Top of Records supplied

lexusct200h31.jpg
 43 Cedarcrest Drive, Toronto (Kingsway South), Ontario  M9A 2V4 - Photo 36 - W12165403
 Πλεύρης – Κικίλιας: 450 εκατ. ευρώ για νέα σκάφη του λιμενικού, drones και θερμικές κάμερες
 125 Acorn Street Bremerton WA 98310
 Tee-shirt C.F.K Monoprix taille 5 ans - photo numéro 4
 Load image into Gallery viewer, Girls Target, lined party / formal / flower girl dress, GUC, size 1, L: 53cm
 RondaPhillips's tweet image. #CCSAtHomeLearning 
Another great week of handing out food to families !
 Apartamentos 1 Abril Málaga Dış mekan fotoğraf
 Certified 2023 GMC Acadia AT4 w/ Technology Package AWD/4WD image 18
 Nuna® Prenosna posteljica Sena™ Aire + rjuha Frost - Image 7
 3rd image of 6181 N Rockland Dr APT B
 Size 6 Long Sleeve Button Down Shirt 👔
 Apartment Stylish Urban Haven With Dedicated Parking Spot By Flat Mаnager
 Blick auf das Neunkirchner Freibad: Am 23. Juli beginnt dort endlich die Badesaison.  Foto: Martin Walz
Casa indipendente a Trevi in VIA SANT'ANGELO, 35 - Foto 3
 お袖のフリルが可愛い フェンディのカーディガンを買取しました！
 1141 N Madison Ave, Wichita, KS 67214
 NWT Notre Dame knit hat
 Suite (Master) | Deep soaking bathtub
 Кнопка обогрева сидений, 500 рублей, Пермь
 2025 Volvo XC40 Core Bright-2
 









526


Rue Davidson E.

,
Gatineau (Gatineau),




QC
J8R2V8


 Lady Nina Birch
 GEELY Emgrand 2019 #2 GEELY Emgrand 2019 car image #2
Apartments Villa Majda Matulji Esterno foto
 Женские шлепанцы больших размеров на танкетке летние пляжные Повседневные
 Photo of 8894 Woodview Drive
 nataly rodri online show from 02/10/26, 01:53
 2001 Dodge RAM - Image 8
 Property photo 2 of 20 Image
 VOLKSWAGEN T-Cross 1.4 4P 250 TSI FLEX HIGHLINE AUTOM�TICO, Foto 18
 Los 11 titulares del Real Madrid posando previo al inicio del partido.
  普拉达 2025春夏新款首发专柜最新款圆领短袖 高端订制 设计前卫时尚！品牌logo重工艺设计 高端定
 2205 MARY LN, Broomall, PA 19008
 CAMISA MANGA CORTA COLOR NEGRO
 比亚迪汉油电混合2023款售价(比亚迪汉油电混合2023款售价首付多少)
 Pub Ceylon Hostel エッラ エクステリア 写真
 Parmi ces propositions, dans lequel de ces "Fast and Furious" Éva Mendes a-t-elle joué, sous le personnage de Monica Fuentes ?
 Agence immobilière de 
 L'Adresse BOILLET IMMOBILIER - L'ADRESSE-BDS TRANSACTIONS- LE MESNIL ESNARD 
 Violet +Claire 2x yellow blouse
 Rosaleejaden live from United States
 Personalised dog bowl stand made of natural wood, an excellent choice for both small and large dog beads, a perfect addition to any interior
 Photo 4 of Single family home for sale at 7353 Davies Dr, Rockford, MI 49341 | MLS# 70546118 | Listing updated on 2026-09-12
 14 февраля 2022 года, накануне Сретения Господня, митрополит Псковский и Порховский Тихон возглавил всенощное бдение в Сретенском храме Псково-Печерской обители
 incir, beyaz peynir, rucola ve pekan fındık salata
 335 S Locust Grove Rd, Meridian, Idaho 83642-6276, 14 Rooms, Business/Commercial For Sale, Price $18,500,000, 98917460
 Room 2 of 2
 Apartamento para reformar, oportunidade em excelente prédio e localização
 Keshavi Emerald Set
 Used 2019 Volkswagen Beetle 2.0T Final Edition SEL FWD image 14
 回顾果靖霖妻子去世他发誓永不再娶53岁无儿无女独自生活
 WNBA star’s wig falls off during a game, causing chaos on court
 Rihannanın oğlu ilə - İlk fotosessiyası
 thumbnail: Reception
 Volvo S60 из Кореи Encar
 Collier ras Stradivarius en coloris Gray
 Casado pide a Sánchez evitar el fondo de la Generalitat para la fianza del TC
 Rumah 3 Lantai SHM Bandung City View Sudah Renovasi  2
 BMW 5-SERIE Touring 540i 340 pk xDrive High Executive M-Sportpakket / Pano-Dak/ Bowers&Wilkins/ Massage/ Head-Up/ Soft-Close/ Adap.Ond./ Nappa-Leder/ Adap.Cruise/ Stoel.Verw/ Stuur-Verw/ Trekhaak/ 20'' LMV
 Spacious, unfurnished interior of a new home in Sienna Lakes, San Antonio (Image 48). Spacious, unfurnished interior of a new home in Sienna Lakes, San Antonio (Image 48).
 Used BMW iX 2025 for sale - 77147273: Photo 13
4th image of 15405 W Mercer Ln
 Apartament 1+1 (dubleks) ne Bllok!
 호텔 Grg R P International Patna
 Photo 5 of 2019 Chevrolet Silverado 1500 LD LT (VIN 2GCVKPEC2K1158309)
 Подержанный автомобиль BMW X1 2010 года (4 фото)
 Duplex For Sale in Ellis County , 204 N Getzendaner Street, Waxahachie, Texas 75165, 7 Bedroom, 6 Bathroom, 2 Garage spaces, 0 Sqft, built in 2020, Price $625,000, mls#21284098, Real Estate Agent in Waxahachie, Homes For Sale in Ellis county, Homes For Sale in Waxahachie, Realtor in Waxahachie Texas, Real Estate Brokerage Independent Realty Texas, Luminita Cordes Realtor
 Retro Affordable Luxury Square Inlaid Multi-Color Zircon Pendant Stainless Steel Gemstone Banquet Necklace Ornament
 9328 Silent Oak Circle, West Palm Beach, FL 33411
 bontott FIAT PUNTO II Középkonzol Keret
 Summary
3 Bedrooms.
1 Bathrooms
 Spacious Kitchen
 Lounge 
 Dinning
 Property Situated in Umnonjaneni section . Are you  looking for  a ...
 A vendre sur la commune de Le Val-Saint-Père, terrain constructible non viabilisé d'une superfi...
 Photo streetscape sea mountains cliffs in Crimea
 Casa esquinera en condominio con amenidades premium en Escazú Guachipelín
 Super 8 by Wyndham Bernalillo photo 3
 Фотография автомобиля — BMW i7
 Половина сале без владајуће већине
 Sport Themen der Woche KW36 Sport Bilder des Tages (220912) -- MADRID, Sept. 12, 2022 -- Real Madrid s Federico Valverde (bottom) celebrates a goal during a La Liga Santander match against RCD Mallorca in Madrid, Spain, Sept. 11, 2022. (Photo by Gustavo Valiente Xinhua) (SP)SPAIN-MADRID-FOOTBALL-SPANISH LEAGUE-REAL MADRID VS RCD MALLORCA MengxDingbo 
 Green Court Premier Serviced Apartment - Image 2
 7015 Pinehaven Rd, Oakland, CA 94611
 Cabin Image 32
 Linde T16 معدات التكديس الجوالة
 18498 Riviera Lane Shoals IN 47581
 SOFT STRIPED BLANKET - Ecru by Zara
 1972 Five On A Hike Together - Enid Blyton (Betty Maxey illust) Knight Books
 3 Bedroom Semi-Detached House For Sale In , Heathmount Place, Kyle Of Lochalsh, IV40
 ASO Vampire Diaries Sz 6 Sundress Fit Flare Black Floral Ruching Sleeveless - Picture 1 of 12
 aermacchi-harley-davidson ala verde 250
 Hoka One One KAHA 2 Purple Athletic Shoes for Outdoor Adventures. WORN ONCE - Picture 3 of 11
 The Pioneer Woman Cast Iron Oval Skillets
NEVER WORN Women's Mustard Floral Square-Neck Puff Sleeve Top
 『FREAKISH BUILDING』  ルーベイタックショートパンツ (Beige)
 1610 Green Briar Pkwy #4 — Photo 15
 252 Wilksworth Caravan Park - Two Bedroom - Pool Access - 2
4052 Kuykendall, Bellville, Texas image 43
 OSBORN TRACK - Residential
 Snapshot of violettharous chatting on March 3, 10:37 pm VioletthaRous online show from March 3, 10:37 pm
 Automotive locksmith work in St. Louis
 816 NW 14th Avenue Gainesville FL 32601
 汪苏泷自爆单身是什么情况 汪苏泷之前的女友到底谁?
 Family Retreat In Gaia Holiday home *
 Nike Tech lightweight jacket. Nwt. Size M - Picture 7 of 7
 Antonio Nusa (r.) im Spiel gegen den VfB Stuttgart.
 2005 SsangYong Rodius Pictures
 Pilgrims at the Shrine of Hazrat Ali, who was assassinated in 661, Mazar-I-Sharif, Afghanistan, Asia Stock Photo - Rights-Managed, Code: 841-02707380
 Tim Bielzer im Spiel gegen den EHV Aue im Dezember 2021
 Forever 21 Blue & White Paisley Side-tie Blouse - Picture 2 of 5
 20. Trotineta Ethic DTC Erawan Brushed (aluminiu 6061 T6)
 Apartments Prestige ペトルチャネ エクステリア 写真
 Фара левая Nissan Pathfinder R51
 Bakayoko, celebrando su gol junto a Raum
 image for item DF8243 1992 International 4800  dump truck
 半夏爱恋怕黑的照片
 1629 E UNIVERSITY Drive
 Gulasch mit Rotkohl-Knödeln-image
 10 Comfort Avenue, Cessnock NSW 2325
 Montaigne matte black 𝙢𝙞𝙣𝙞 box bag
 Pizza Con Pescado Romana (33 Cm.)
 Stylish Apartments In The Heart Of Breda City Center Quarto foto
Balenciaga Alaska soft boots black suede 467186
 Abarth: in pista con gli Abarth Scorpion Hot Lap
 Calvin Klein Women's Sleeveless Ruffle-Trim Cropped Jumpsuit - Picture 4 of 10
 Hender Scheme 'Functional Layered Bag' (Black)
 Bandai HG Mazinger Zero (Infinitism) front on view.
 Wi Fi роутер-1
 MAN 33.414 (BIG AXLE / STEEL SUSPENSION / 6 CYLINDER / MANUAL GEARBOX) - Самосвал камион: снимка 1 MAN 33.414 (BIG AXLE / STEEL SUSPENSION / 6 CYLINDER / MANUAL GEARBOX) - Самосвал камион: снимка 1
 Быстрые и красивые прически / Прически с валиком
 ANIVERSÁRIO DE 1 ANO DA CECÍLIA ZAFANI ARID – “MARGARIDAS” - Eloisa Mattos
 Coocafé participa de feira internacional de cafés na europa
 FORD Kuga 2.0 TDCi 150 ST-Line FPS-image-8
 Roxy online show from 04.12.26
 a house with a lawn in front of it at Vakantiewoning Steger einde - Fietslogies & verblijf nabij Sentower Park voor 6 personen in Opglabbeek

Bottom of Records supplied

Within the listing above, the range opens at the line with "Blick auf das" and closes at the line with "Los 11 titulares". Reproduce exactly the lines of that range, including both ends.

 Blick auf das Neunkirchner Freibad: Am 23. Juli beginnt dort endlich die Badesaison.  Foto: Martin Walz
Casa indipendente a Trevi in VIA SANT'ANGELO, 35 - Foto 3
 お袖のフリルが可愛い フェンディのカーディガンを買取しました！
 1141 N Madison Ave, Wichita, KS 67214
 NWT Notre Dame knit hat
 Suite (Master) | Deep soaking bathtub
 Кнопка обогрева сидений, 500 рублей, Пермь
 2025 Volvo XC40 Core Bright-2
 









526


Rue Davidson E.

,
Gatineau (Gatineau),




QC
J8R2V8


 Lady Nina Birch
 GEELY Emgrand 2019 #2 GEELY Emgrand 2019 car image #2
Apartments Villa Majda Matulji Esterno foto
 Женские шлепанцы больших размеров на танкетке летние пляжные Повседневные
 Photo of 8894 Woodview Drive
 nataly rodri online show from 02/10/26, 01:53
 2001 Dodge RAM - Image 8
 Property photo 2 of 20 Image
 VOLKSWAGEN T-Cross 1.4 4P 250 TSI FLEX HIGHLINE AUTOM�TICO, Foto 18
 Los 11 titulares del Real Madrid posando previo al inicio del partido.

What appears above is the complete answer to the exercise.